*Work order*. Range to repeat from the listing below: the line containing "Borgo Dragani Hotel Ortona Exterior photo" down to the line containing "Incendiu la un", both included. Copy it exactly, pictures excluded, and add nothing else.

*Material provided*.
━━━━━━━━━━

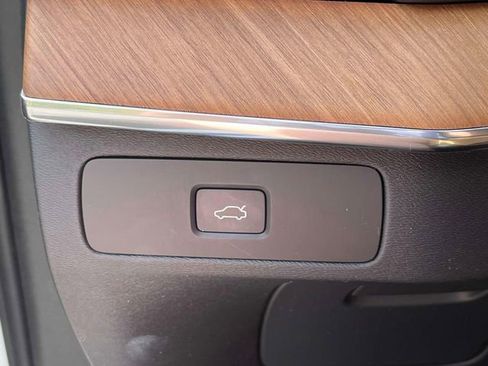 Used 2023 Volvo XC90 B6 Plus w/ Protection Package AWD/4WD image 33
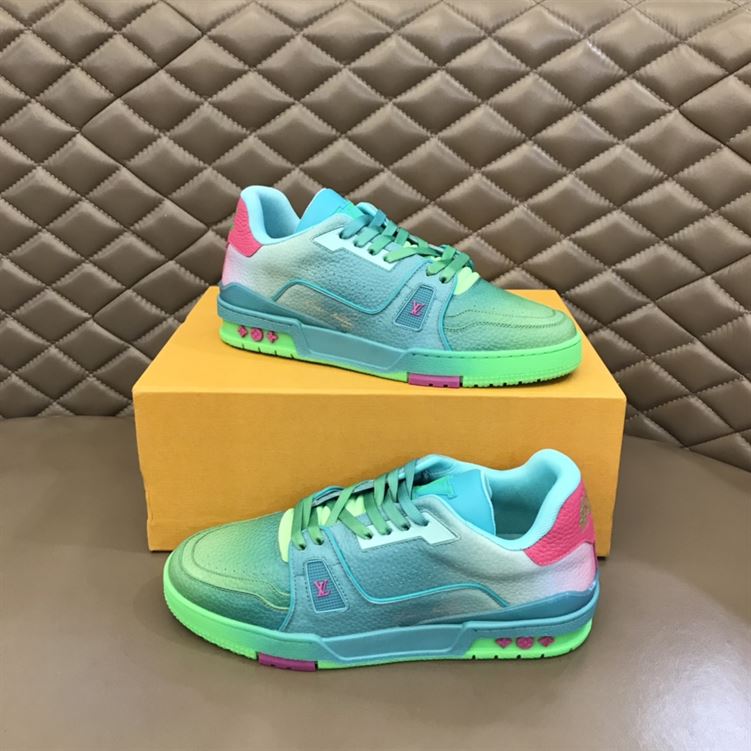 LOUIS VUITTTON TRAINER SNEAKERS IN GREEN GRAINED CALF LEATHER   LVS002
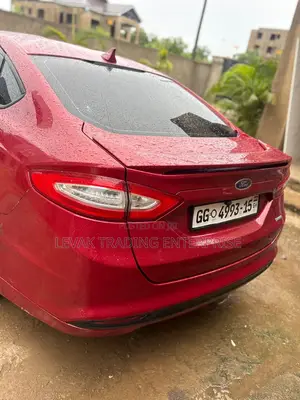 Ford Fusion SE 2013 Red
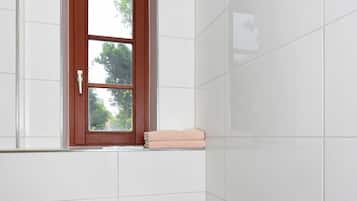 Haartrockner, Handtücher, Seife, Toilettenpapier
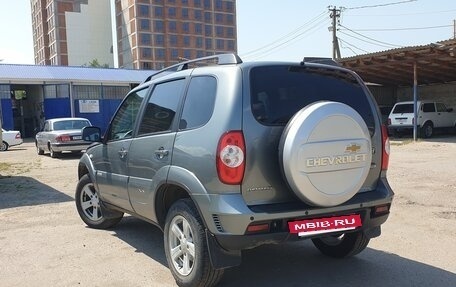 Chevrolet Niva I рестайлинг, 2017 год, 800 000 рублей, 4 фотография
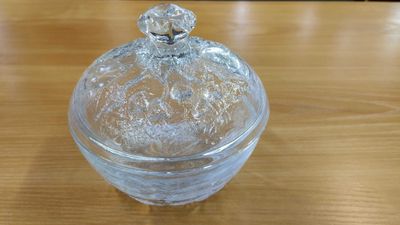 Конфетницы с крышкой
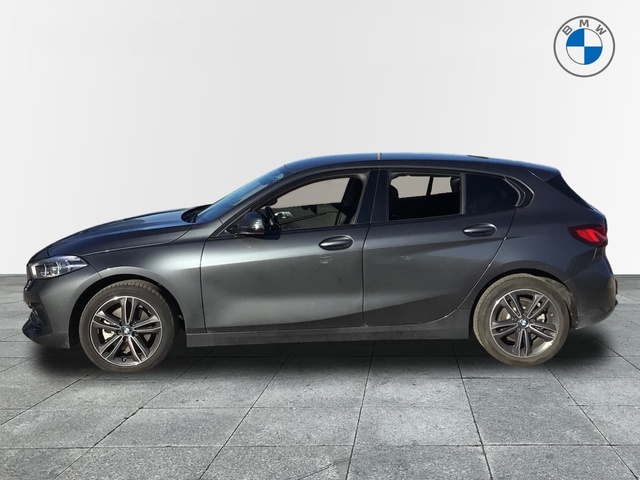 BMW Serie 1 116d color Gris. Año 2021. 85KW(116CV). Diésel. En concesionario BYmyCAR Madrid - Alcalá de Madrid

━━━━━━━━━━

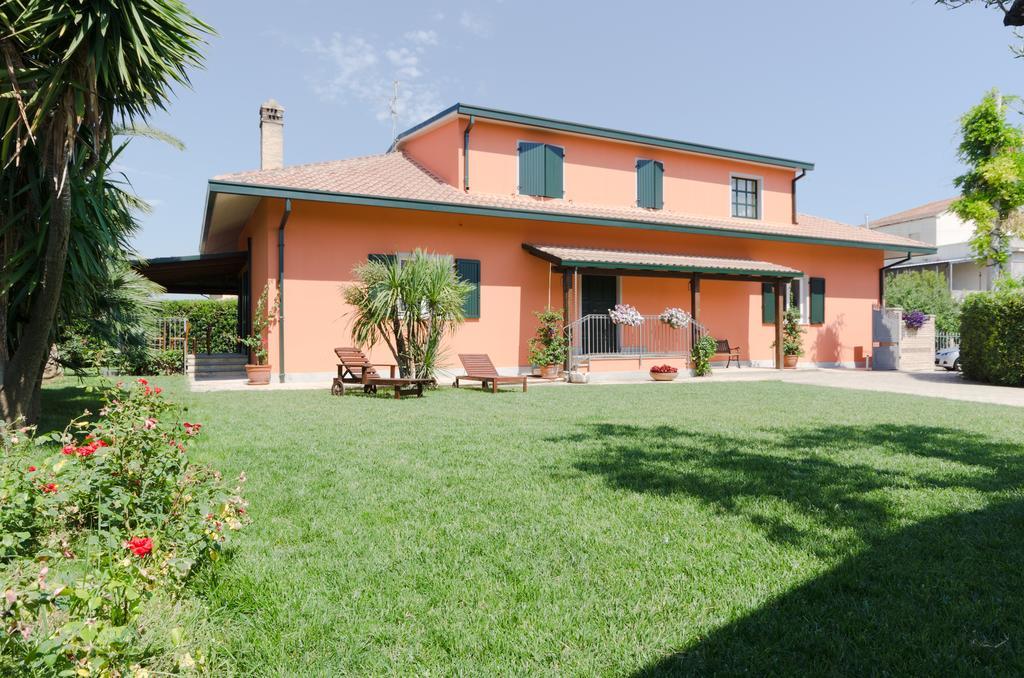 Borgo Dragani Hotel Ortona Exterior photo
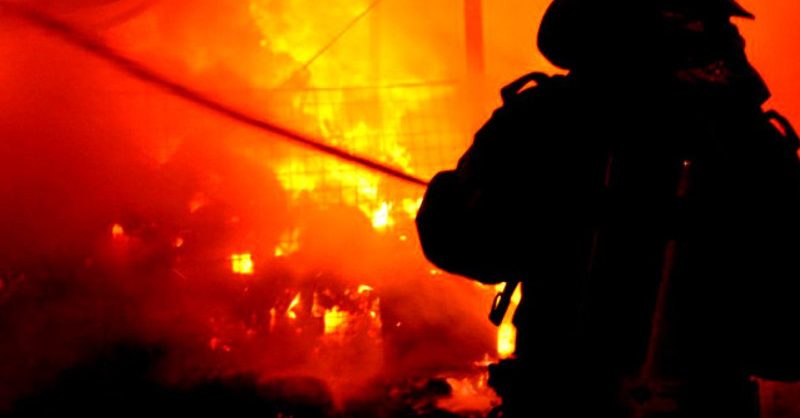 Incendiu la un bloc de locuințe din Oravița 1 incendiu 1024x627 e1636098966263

━━━━━━━━━━

*Result*.
 Borgo Dragani Hotel Ortona Exterior photo
 Incendiu la un bloc de locuințe din Oravița 1 incendiu 1024x627 e1636098966263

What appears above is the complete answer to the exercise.